We’ve finally managed to get time/paperwork in place to run the python script. Unfortunately when I run the script I just get some blue text giving me the URL I’ve just typed in, nothing else seems to happen.

I’ve run the script as you demonstrated, doing so without username/password resulted in a 401 error and crash.

python3 es-os-count-field-usage.py --api-url https://username:password@server.domain.com:9200

Looking into this. My assumption is the script naively takes the URL and executes the web requests based on that. I’m working on getting my lab up and running with opensearch TLS (running into some issues that a coworker will help me with tomorrow :slight_smile: )

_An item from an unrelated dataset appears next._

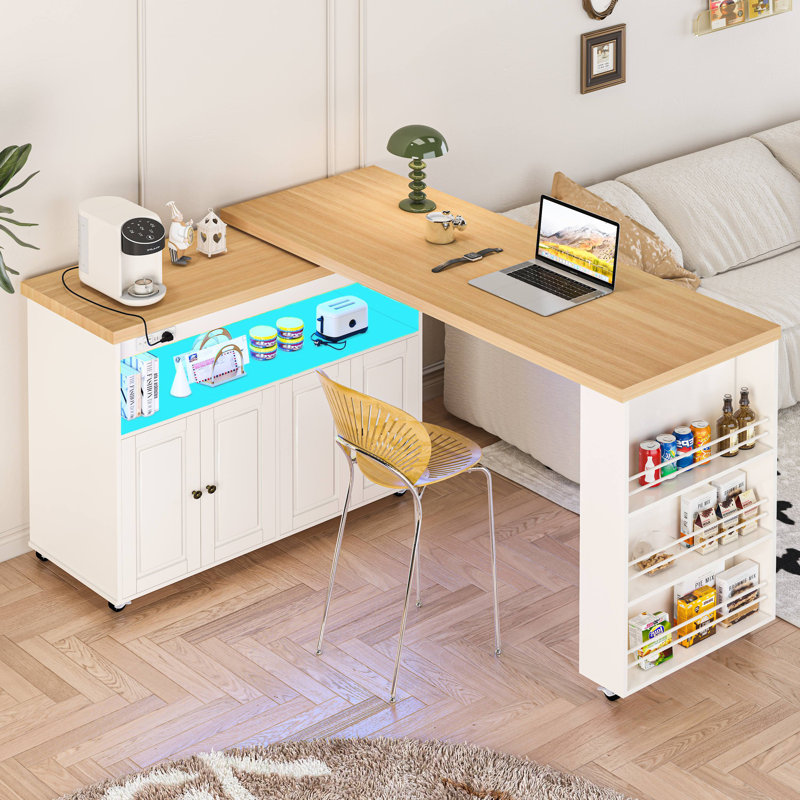 Îlot de cuisine roulant avec table pivotante, chariot de cuisine de 84 po avec lumières à DEL, prise de courant, armoire de rangement mobile avec plateau latéral sur roulettes, pour la cuisine, le salon, le bar personnel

Sorry for the delay, it took some doing to get a working OpenSearch cluster with TLS :slight_smile:

I added updates to the script:

  • Allow disabling TLS verification (to accept privately signed or self signed certs)
  • Allow specifying a username/password to use for HTTP basic auth
  • Suppress TLS warnings

An example using the updated arguments:

python3 es-os-count-field-usage.py --api-url https://192.168.0.2:9200/ --no-verify --username admin --password admin

change the --api-url, --username, and --password arguments to meet your needs.

1 Like

Sorry @drewmiranda-gl another error. Appears to be an issue with --no-verify.

line 16
Attribute error: Module 'argparse' has no attribute 'BooleanOptionalAction'

I have noticed there are quite a lot of replicated fields within single winlogbeat logs, it looks like a Graylog problem as they’re not documented Beats fields but I can’t find anything in the GL documentation either. I can’t fix this easily in Beats processors or Pipelines as there are just too many logs with this issue (and each are potentially slightly different).

e.g.
winlogbeat_event_code (not documented in Beats)
winlogbeat_winlog_event_id (is documented in Beats)

winlogbeat_event_provider (not documented in Beats)
winlogbeat_winlog_event_provider (is documented in Beats)

I believe the minimum required python is 3.9.

Alternatively you can remove the arg and manually set the verify property in the python file.

Can you clarify what you mean by “not documented in beats”? Beats collect log data but there isn’t any standard or exhaustive list of each and every possible field.

Part of what is happening is that graylog is prepending winlogbeat_ (depends on the beat type, filebeat would be filebeat_) to every field name. So winlogbeat_event_code is originally event_code

Hope that helps.

@drewmiranda-gl we’re using Ubuntu Server 22.04 so the Python version is 3.10.

I understand how Graylog prepends things to the fields, we’ve been running Graylog for some years now.

event_code isn’t a documented beats log field.

winlog_event_id is a documented beats log field.

I was wondering whether event_code is a Graylog addition as it doesn’t appear to be a winlogbeat field. I’m trying to identify where some of these replica fields are coming from.

By default graylog does not add any fields (beyond some meta data fields that start with gl2_). If fields exist it will be for a couple of reasons:

  • the original message contained them
  • a pipeline rule (or extractor) created them

Assuming you don’t have any pipeline/extractors that are adding that field i would bet its coming from the beat agent.

This topic was automatically closed 14 days after the last reply. New replies are no longer allowed.